Opinion

More Europe or less Europe?

Europe is often a ship with multiple captains. The boat moves forward in calm seas, but when the slightest wind puts it off course, it is not easy to steer that boat. It is not so much a question of more Europe rather than less, but of achieving ‘one Europe’. A ‘more-or-less Europe’ is an invitation to go nowhere.

By: Date: April 14, 2021 Topic: European governance

This opinion piece was originally published in the Money Review section of Kathimerini and  El Economista.

Who do I call if I want to call Europe?” Henry Kissinger famously (and allegedly) once asked. No, really. Who picks up the phone at the other end of the line to represent Europe? Who is the sovereign behind the EU who can legitimately claim the chair at the global table?

The answer, of course, is no one fits that role, and the claim to the chair is a complex mix of what is discussed at any given table, the delicate politics playing out at a given point in time, and of course, the personal rivalries of those who claim it.

As a result, Europe is hard to understand. At the heart of the problem is the imperfect architecture of the union. And while it is in external relations, like in Turkey last week (6 April) when there was embarrassing confusion over which EU leader should sit alongside Turkish President Erdogan, where the problem can manifest itself quite vulgarly, it is present in internal deliberations as well.

For every crisis the EU faces, the answer is more Europe. In the financial crisis, the EU built a banking union and created the European Stability Mechanism as a rescuer of last resort. The level of macroeconomic monitoring was tightened. Unconventional monetary policy measures were adopted to allow all members of the euro area to borrow in the financial markets as though they were one.

In the pandemic crisis, EU countries agreed to issue joint debt, even if it is small in size and a one-off. A series of tools have been provided to support expenses relating to health issues and to sustain employment. The EU also financed vaccines and procured doses as a single purchaser, not as separate countries with different means and different clout. These are small miracles in the context of European integration.

But more important than more Europe as the answer to every problem is the need for ‘one Europe’: one voice, one line of command. From the Brexit negotiations to carving trade deals, regulating big tech and procuring vaccines, ‘one Europe’ can demonstrably exert power to serve its purpose.

And while in external representation the lack of one Europe manifests itself in the absence of one clear voice, internally, it manifests itself as the diffusion of power that endangers consistency.

Consider the European Central Bank, which has the job of maintaining euro-area price stability. In a national context, a central bank is the agent of a very clearly defined principal. That gives clarity of purpose but also sets limits and defines the line of accountability. The principal assigns the central bank a mandate and evaluates whether it delivers. Bound by a treaty, the ECB is an agent, but of which principal? The ECB is appointed by one set of institutions; it reports, although not formally bound by the Treaty, to the European Parliament, and can only be dismissed by the EU Court of Justice. But the EU Court of Justice does not evaluate how well the ECB fulfils its mandate unless a case is brought before it. This choice of governance structure leaves the issue of accountability at the ECB’s discretion.

It is true, that the ECB has demonstrated a commitment to accountability in several ways, and that it can exercise power to intervene in line with circumstances in times of stress. But it does that in ways that can be seen as compensating for decisions that other parts of the EU ought to be taking. This avoids the trap of inaction, but the ECB could jeopardise its political legitimacy by assuming ever-increasing discretionary power. Who controls this discretionary power if not the principal? And who is that principal?

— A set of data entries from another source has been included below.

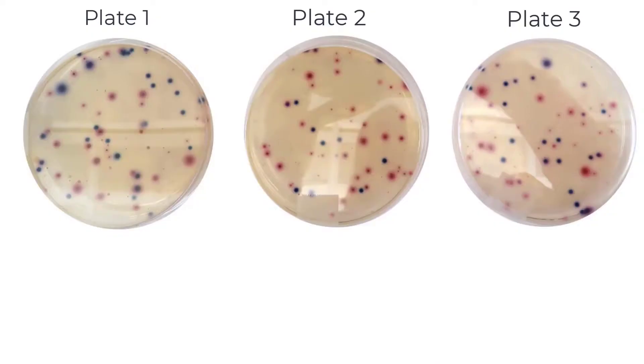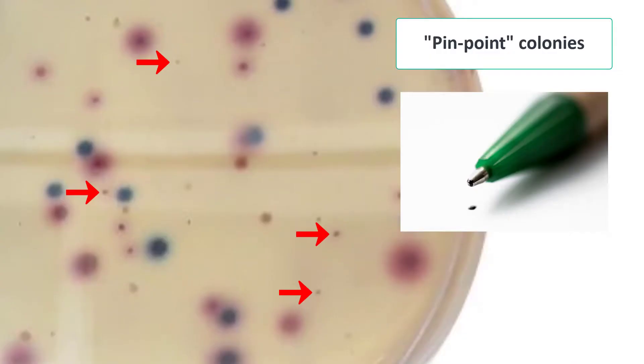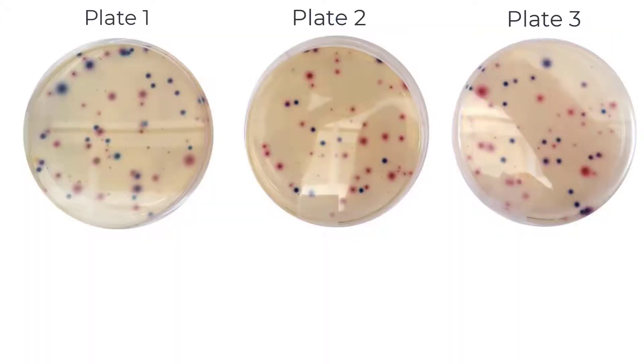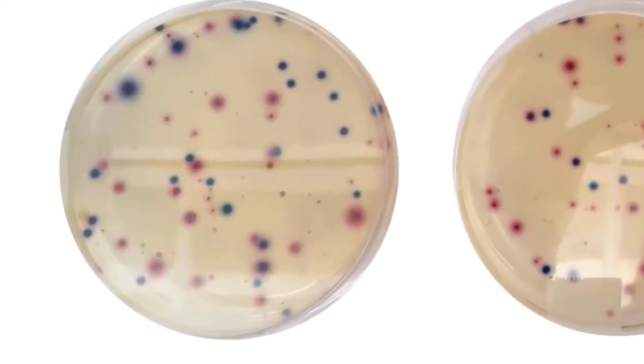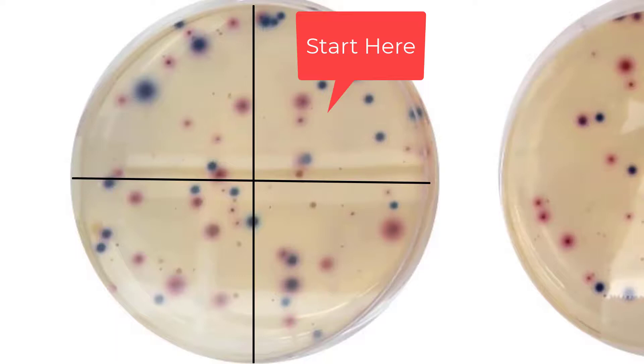Let's practice counting other coliform colonies on our three plates. We will count all of the pink to dark red colonies on each plate as other coliforms. Remember not to count the very small pinpoint colonies. We will start back at plate 1, and since there are a lot of colonies, let's bring in the quadrants, starting in the top right quadrant and moving clockwise.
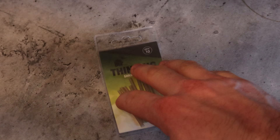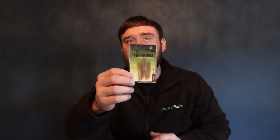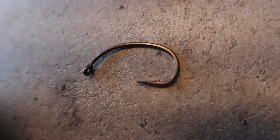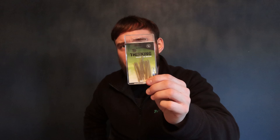Next up is Thinking Tackle Shrink Tube — their medium one. Why do I need a good medium size? The reason is because the eyes on these hooks are quite big and it's a very thick wire hook, so you need something to go over that without crimping up. I've done it before with other shrink tubes and it goes horrible, changing the colour of the shrink tube. With this one I've never had that problem.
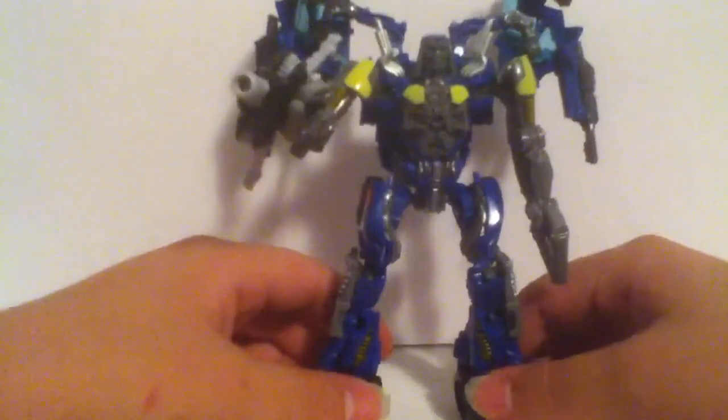Unfortunately, he had no single line in the movie — he didn't say a word. He's just like Jolt, so he's just going to go into battle like this. Anyway, thanks for watching — subscribe, rate, comment, all that good stuff.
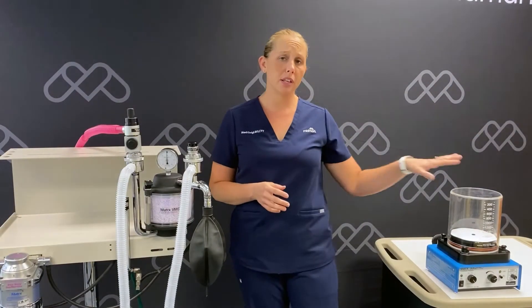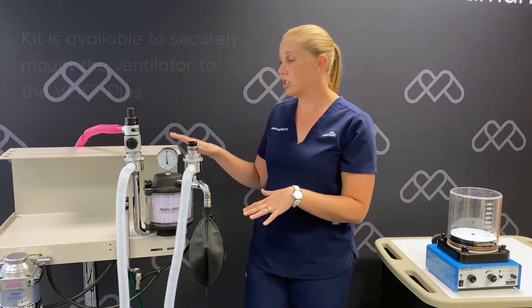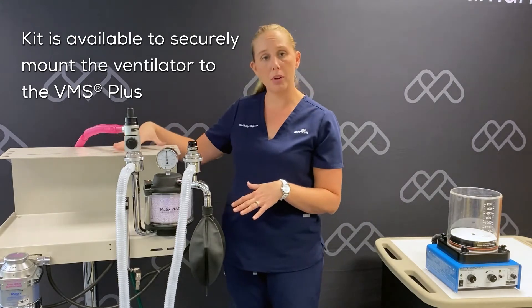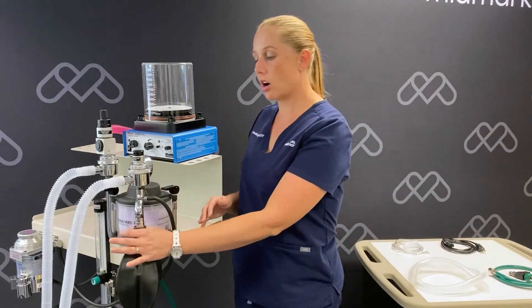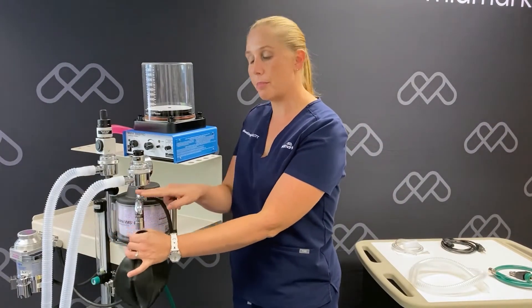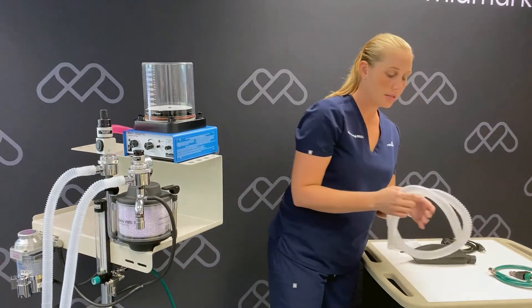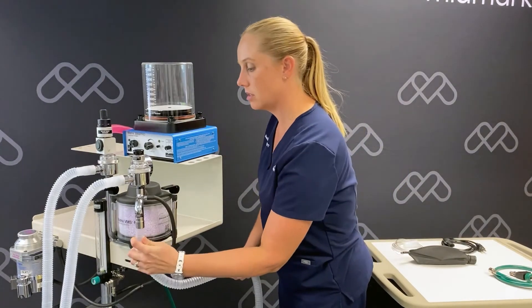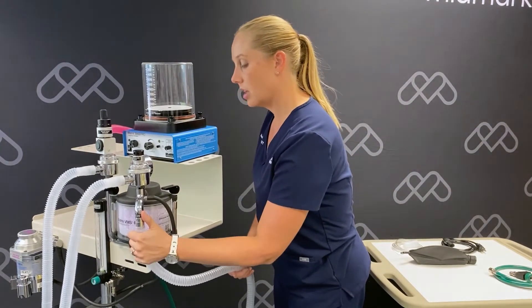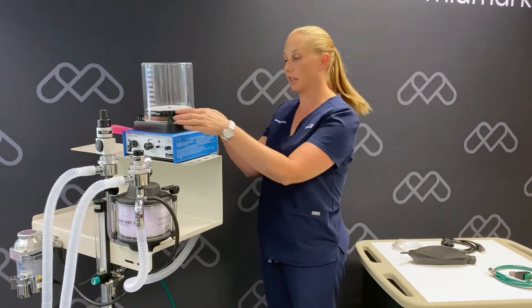We're now ready to place our ventilator onto the anesthesia machine. For this particular machine, we're going to place the ventilator on the top of the upper shelf near the absorber head. Our next step, we will take our bag off of our reservoir bag arm. In its place, we're going to place the clear corrugated tubing on one end, and the other end will go to the breathing system port on the back of the ventilator.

The absence of a clear line of command interferes also with the EU’s ambitions for the euro to become a more global currency. As the currency of a big single market, the euro is a natural contender to the dollar. However, any currency can only be as appealing as the sovereign’s willingness to back it. The EU is the sum of 27 sovereigns that openly disagree about what they want from the euro, its level of ambition, and how much should be done centrally. An outsider looking in can at times be baffled by the extent of disagreements. That alone kills the euro’s global appeal.

The most recent inconsistency has come from an unexpected contender. Judges have cast doubts over which courts have the last word  over EU law interpretation: the European or national courts. This has been a source of uncertainty that threaten the legitimacy of some ECB decisions beyond discretion issues and is now threatening the legitimacy of the most significant EU architectural advancement: the common debt of the Next Generation EU recovery fund.

Europe is often a ship with multiple captains. The boat moves forward in calm seas, but when the slightest wind puts it off course, it is not easy to steer that boat. It is not so much a question of more Europe rather than less, but of achieving ‘one Europe’. A ‘more-or-less Europe’ is an invitation to go nowhere.